From: Albert Cahalan
Date: Mon Feb 28 2011 - 11:40:45 EST

On Mon, Feb 28, 2011 at 10:38 AM, Hagen Paul Pfeifer <hagen@xxxxxxxx> wrote:
> On Sun, 27 Feb 2011 18:33:39 -0500, Albert Cahalan wrote:
>> I suppose there is a need to allow at least 2 packets despite any
>> time limits, so that it remains possible to use a traditional modem
>> even if a huge packet takes several seconds to send.
> That is a good point! We talk about as we may know every use case of
> Linux. But this is not true at all. One of my customer for example operates
> the Linux network stack functionality on top of a proprietary MAC/Driver
> where the current packet queue characteristic is just fine. The
> time-drop-approach is unsuitable because the bandwidth can vary in a small
> amount of time over a great range (0 till max. bandwidth). A sufficient
> buffering shows up superior in this environment (only IPv{4,6}/UDP).
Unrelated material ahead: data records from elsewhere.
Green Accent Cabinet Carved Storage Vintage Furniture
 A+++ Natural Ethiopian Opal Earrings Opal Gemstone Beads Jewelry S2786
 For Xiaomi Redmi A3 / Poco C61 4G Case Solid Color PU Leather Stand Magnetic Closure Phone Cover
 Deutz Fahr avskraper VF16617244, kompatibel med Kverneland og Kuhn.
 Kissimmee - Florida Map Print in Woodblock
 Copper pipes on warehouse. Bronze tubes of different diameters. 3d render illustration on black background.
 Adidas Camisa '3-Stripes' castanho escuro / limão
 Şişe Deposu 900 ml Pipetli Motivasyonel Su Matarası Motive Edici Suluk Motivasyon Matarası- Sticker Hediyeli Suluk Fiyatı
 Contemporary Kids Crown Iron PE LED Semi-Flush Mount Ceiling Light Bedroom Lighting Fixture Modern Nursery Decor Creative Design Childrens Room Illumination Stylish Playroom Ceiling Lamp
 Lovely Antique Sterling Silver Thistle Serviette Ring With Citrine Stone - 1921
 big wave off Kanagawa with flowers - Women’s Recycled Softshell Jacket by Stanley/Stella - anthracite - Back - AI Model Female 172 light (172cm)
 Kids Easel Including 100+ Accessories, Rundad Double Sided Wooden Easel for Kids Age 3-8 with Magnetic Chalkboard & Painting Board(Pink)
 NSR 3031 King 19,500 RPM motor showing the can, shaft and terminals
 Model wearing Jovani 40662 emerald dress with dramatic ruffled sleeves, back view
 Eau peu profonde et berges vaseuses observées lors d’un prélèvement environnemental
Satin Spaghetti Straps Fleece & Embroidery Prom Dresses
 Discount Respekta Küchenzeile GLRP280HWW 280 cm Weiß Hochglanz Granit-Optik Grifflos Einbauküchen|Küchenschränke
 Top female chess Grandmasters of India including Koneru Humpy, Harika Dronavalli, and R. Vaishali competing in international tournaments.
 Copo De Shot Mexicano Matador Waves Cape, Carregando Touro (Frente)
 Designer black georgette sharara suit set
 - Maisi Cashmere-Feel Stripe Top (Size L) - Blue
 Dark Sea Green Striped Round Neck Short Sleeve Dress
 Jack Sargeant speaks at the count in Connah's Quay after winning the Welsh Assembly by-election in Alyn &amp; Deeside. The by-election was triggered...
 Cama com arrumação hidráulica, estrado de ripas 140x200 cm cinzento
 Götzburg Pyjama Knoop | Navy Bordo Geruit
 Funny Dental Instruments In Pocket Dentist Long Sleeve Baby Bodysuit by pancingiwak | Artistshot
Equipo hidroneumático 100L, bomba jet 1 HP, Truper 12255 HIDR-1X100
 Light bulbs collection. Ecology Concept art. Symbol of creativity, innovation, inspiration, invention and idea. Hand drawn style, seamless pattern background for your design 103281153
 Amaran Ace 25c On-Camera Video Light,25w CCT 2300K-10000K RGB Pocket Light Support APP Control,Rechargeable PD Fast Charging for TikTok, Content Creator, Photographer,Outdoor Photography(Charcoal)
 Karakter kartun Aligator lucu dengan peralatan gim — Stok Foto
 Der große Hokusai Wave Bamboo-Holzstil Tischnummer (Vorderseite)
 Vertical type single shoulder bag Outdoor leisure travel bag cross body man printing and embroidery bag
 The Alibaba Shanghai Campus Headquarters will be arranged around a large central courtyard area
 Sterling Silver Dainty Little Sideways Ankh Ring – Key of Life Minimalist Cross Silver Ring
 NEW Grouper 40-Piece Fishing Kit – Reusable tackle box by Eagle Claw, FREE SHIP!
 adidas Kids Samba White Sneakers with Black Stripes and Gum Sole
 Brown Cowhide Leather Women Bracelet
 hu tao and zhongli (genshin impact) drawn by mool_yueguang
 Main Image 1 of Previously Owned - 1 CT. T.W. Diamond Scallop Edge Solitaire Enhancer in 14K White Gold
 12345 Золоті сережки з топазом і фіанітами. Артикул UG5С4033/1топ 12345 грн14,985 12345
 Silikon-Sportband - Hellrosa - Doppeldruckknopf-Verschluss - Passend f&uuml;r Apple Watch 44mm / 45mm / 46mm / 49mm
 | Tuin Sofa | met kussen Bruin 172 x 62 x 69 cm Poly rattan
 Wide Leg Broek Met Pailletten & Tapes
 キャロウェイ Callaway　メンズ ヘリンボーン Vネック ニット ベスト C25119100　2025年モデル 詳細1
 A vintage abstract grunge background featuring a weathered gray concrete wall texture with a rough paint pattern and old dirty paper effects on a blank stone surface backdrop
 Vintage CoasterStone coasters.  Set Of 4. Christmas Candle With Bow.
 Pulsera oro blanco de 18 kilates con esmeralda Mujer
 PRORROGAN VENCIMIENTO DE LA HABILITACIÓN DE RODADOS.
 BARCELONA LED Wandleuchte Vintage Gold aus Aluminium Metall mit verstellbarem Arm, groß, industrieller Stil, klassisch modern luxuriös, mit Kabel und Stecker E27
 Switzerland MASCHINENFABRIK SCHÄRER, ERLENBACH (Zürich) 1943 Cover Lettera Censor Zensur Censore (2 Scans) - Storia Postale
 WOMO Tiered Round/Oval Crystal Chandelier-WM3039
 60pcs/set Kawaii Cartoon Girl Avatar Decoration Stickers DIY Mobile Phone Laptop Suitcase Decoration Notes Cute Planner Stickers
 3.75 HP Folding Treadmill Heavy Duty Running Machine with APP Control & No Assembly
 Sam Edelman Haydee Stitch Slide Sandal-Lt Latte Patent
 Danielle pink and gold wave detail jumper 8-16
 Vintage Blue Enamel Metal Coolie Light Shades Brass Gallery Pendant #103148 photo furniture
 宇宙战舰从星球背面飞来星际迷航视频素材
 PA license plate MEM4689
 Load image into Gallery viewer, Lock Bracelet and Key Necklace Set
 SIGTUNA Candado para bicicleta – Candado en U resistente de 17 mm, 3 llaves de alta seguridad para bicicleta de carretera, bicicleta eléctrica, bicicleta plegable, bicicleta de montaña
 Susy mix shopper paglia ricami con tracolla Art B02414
I don't think the current non-time queue is just fine for him.
I can see that time-based discard-on-enqueue would not be
fine either. He needs time-based discard-on-dequeue.
Good for him is probably:

On dequeue, discard all packets that are too old.
On enqueue, assume max bandwidth and discard all
packets that have no hope of surviving the dequeue check.
(the enqueue check is only to prevent wasting RAM)
Exception: always keep at least 2 packets.

Better is something that would allow random drop.
The trouble here is that bandwidth varies greatly.
Some sort of undelete functionality is needed...?

Assuming the difficulty with implementing random drop
is solvable, I think this would work for the rest of us too.

Keeping the timeout really low is important because it isn't
OK to eat up all the latency tolerance in one hop. You have
an end-to-end budget of 20 ms for usable GUI rubber banding.
The budget for gaming is about 80 and for VoIP is about 150.